Time Series Analytics for IBM Virtual Private Cloud (VPC) Flows Using Grafana

9 min read

Time series analytics using IBM SQL Query and visualization on the Grafana dashboard for data on IBM Cloud Object Storage is now available.

IBM Cloud VPC is a public cloud offering that lets you establish your own private cloud-like computing environment on shared public cloud infrastructure. VPC gives an enterprise the ability to define and control a virtual network that is logically isolated from all other public cloud tenants, creating a private, secure place on the cloud.

VPC’s security features give you granular control over which IP addresses or application ports can be used for connections to resources like virtual machines or Kubernetes worker nodes. You can think of this as being analogous to the friends-only or public/private controls on social media accounts that are used to restrict who can or cannot see your otherwise public posts.

Metadata about the flow of network packets within a VPC can be captured to IBM Cloud Object Storage (COS) for further analytics. This is pretty useful for connectivity troubleshooting, traffic analysis and intrusion detection.
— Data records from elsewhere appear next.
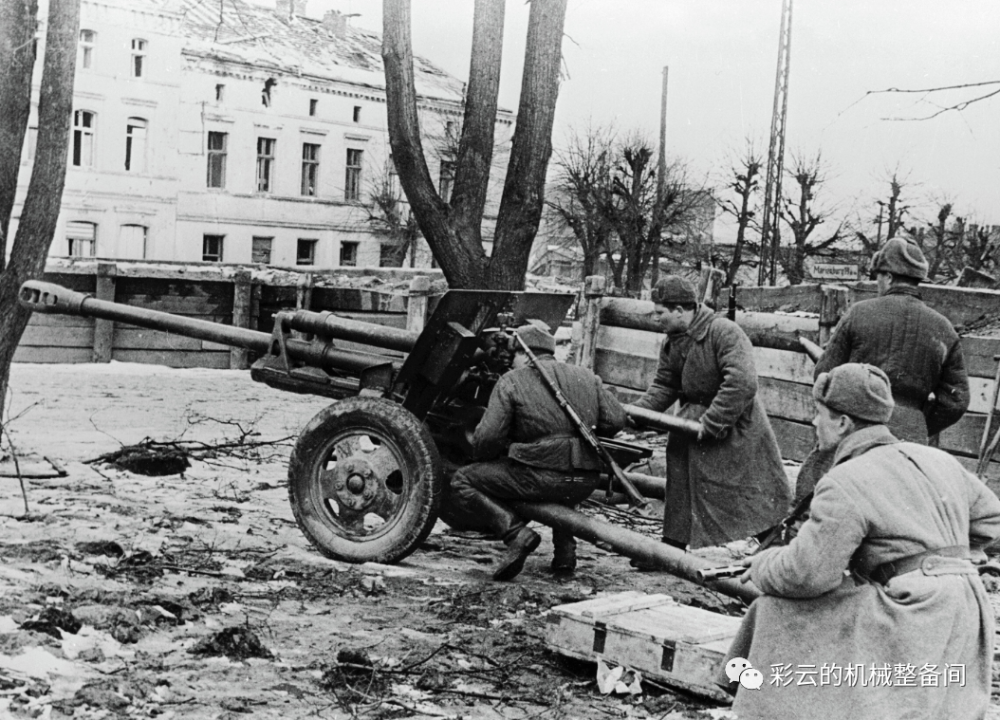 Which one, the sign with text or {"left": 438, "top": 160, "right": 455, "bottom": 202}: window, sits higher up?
{"left": 438, "top": 160, "right": 455, "bottom": 202}: window

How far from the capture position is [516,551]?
6910mm

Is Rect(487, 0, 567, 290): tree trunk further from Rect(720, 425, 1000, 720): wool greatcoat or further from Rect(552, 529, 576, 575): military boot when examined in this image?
Rect(720, 425, 1000, 720): wool greatcoat

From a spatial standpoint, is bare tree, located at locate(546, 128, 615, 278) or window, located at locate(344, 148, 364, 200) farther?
bare tree, located at locate(546, 128, 615, 278)

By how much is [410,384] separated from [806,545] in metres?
4.19

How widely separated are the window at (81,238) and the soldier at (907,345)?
85.1ft

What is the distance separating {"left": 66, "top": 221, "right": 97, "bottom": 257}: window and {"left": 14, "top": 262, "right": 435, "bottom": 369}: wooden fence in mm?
8806

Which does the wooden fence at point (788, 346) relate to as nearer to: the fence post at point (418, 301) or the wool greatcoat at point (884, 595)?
the wool greatcoat at point (884, 595)

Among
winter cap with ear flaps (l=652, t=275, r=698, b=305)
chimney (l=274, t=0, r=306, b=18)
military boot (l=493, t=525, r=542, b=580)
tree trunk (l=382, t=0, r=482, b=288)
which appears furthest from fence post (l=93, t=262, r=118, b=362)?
chimney (l=274, t=0, r=306, b=18)

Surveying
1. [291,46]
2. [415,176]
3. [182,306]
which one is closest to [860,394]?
Answer: [415,176]

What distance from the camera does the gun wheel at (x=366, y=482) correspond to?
6.98 metres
Due to the serverless nature of object storage in IBM Cloud, it is well suited for exponential data growth and cloud-native workloads, such as network flow analysis.

Analyzing VPC flow logs

IBM Cloud supports direct queries on Cloud Object Storage with SQL through the IBM Cloud SQL Query service, which is an interactive query service for data in IBM Cloud Object Storage. This enables you to query your data directly where it is stored. There is no ETL, no databases and no infrastructure to manage.
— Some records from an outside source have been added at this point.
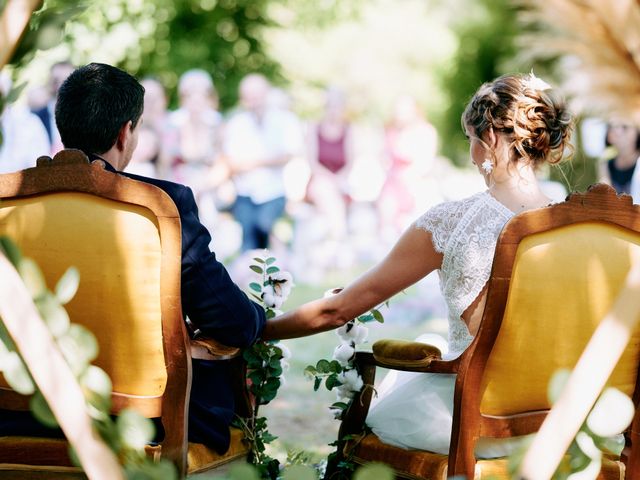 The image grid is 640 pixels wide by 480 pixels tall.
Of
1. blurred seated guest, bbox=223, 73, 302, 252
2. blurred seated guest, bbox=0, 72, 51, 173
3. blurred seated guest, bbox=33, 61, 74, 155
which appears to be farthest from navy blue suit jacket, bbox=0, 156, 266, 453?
blurred seated guest, bbox=33, 61, 74, 155

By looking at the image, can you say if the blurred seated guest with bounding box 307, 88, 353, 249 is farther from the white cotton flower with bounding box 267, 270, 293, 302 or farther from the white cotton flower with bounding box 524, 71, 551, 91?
the white cotton flower with bounding box 524, 71, 551, 91

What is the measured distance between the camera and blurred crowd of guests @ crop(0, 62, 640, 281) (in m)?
8.73

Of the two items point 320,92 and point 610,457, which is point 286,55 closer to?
point 320,92

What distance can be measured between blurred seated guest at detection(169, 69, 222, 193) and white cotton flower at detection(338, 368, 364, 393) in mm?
6982

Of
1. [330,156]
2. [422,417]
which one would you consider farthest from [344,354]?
[330,156]

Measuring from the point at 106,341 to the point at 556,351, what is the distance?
3.59ft

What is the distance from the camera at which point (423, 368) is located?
255 cm

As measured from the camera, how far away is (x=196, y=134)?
9758 mm

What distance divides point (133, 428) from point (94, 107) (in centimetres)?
152

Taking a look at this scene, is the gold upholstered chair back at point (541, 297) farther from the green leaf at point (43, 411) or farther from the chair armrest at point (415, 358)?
the green leaf at point (43, 411)

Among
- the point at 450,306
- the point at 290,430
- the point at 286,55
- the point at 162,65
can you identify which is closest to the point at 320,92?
the point at 286,55

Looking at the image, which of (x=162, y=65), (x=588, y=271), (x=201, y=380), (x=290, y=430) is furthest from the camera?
(x=162, y=65)

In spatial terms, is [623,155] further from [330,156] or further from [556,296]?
[556,296]

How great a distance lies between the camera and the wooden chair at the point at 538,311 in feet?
7.24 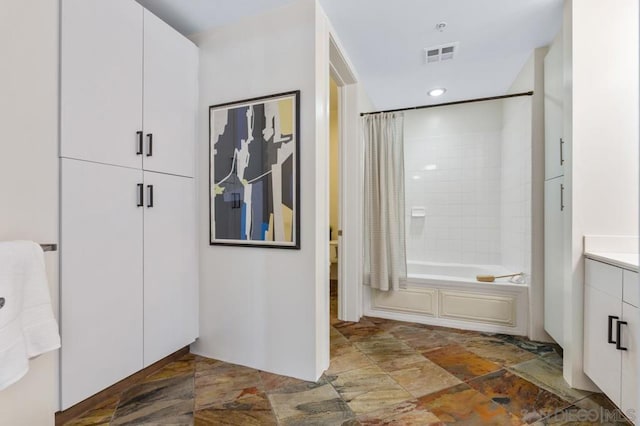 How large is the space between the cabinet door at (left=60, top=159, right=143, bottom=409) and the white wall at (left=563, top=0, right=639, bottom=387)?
2.57 m

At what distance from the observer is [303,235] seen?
1.84 m


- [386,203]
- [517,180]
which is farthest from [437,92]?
[386,203]

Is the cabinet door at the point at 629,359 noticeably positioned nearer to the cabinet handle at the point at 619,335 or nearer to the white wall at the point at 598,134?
the cabinet handle at the point at 619,335

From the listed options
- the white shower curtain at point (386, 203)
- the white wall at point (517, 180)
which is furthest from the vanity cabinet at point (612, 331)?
the white shower curtain at point (386, 203)

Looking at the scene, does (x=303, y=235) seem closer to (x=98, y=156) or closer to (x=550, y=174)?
(x=98, y=156)

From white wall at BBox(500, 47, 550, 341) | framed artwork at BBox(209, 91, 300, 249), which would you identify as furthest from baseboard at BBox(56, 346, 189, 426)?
white wall at BBox(500, 47, 550, 341)

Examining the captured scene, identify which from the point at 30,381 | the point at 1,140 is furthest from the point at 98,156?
the point at 30,381

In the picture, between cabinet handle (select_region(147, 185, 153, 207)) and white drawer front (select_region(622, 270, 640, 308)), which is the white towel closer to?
cabinet handle (select_region(147, 185, 153, 207))

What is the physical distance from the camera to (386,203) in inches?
113

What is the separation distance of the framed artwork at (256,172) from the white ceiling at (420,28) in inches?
23.9

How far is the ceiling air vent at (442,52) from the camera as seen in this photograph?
93.3 inches

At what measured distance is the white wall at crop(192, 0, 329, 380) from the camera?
6.00 ft

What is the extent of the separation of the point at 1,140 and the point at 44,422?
1173 millimetres

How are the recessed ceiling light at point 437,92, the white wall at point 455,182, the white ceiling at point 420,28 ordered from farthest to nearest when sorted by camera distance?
the white wall at point 455,182, the recessed ceiling light at point 437,92, the white ceiling at point 420,28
As we have shared in a previous blog, SQL Query makes it very easy to perform advanced SQL-based analytics on network flows in a VPC.

Taking analysis to the next level

Flow logs are essentially timestamped event data; therefore, the time of occurrence plays a major role in answering many analytical questions.

Grafana is a popular tool to analyze and visualize log data and timestamped data, in general. Unlike other solutions that require data to be stored in specific persistency (such as Elasticsearch), Grafana is persistency agnostic. Thus, you can query, visualize, alert on and understand your metrics from multiple supported data sources.

Integrating flow log data with Grafana makes visualization and query of flow logs even easier and allows for single-pane-of-glass dashboards.

To facilitate this integration, we are happy to share our cloudsql-cos-ts plugin for Grafana with you in this post. The plugin combines the strength of Grafana as a powerful visualization tool with the strength of SQL Query as a scalable and serverless way to query timestamped data with IBM’s time series analytic library.

The plugin enables Grafana to connect to SQL Query to query, visualize, alert on and understand your flow logs and other metrics data stored in Cloud Object Storage.

The architecture of the integration comprises front-end and back-end components:

Figure 1. Architectural diagram.

Figure 1. Architectural diagram.

The front-end implementing browser-based extensions is depicted as number 1 in the figure. The extensions are included in Grafana’s plugin directory, and they extend and augment Grafana’s browser user interface.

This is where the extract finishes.